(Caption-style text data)

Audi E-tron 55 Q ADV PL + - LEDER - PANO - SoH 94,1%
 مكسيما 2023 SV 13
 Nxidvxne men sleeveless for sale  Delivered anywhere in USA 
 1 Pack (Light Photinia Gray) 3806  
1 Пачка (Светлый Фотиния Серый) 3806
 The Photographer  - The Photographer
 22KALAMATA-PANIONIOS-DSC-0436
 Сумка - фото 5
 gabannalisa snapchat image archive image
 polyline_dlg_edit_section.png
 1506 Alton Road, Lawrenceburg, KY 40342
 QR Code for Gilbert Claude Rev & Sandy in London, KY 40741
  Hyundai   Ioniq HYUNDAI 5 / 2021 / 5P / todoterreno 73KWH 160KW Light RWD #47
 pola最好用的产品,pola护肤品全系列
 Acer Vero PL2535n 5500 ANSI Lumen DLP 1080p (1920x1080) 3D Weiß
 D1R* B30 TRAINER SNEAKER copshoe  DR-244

## WORK REQUEST
Report how many lines above hold "Light", number only.

## OUTPUT
2